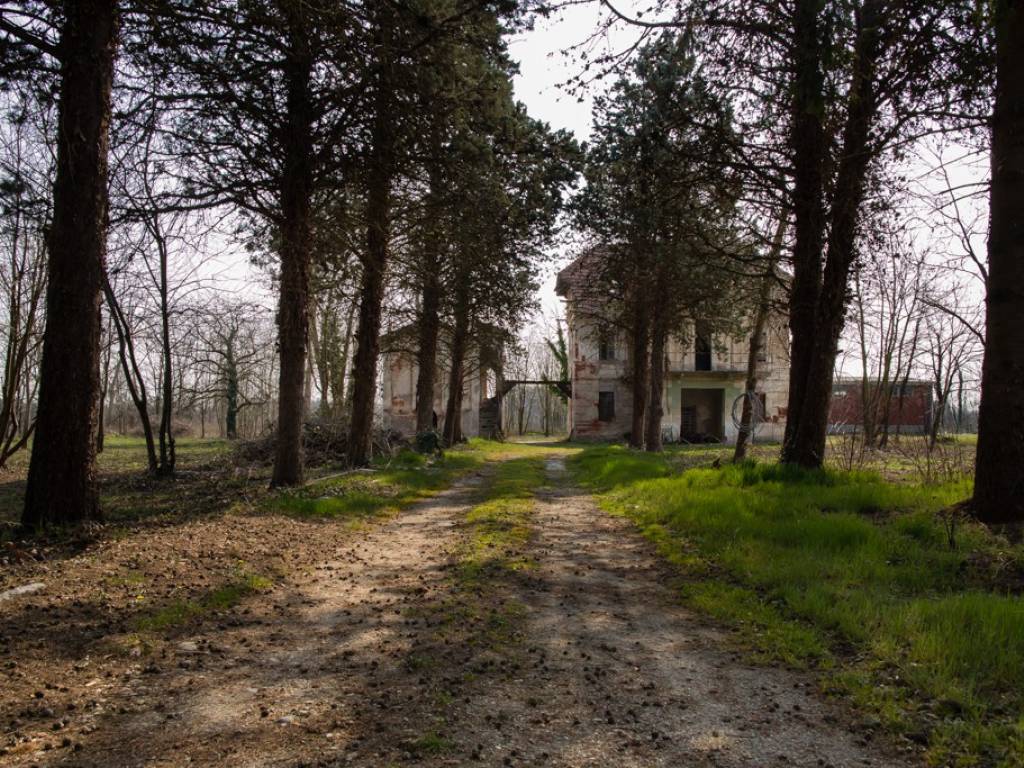 Villa a Galliate - Foto 2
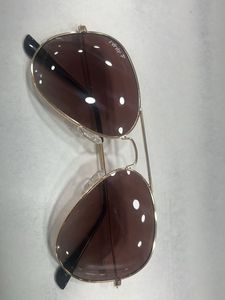 Unisex Aviator Sunglasses 🕶️ In S,M, L Sizes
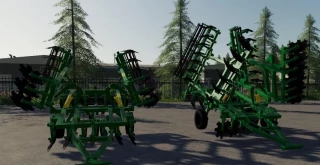 Pack UDA v 1.1 thumbnail 2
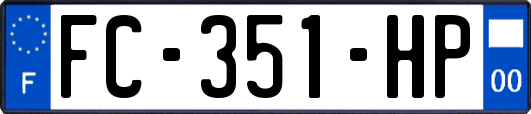 FC-351-HP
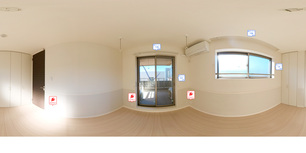 メゾンロッソ 301 【神奈川県平塚駅】 の画像3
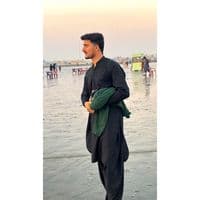 TikTok Account - alitareen08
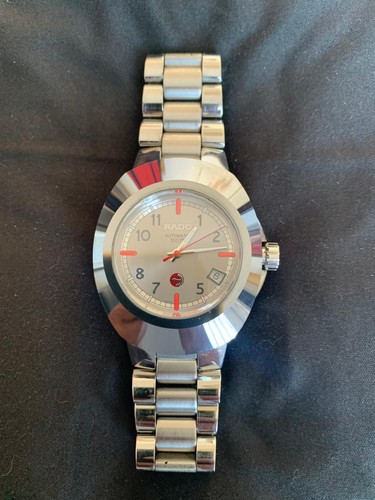 Rado diastar original - rado,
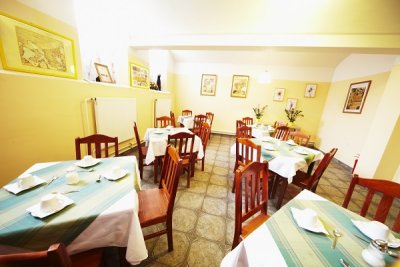 Fotos del hotel - OTAKAR HOTEL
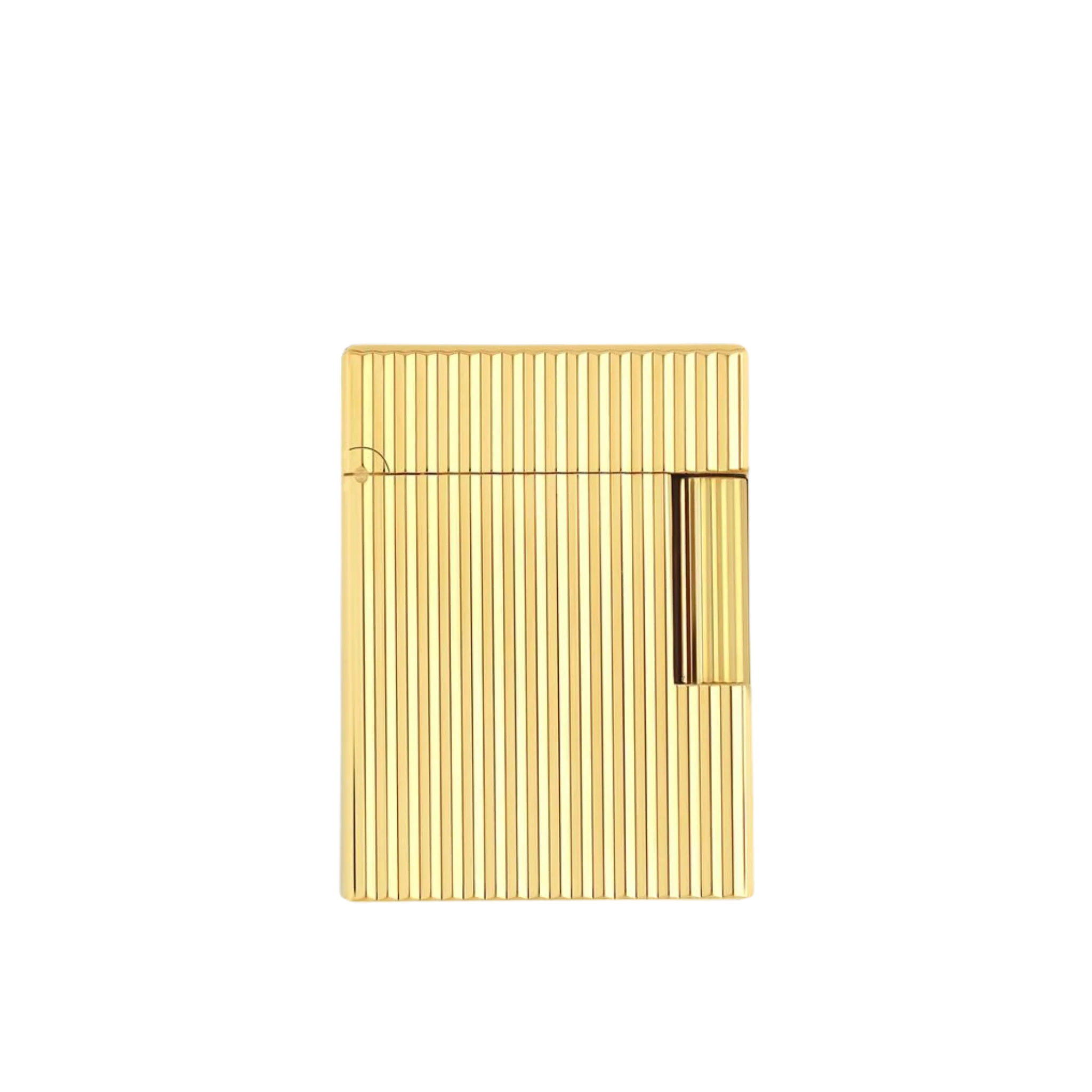 Briquet Guilloché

....

> _Task description_
Without the pictures, write out every entry precisely as it appears.

> _Answer section_
 Villa a Galliate - Foto 2
 Unisex Aviator Sunglasses 🕶️ In S,M, L Sizes
 Pack UDA v 1.1 thumbnail 2
 FC-351-HP
 メゾンロッソ 301 【神奈川県平塚駅】 の画像3
 TikTok Account - alitareen08
 Rado diastar original - rado,
 Fotos del hotel - OTAKAR HOTEL
 Briquet Guilloché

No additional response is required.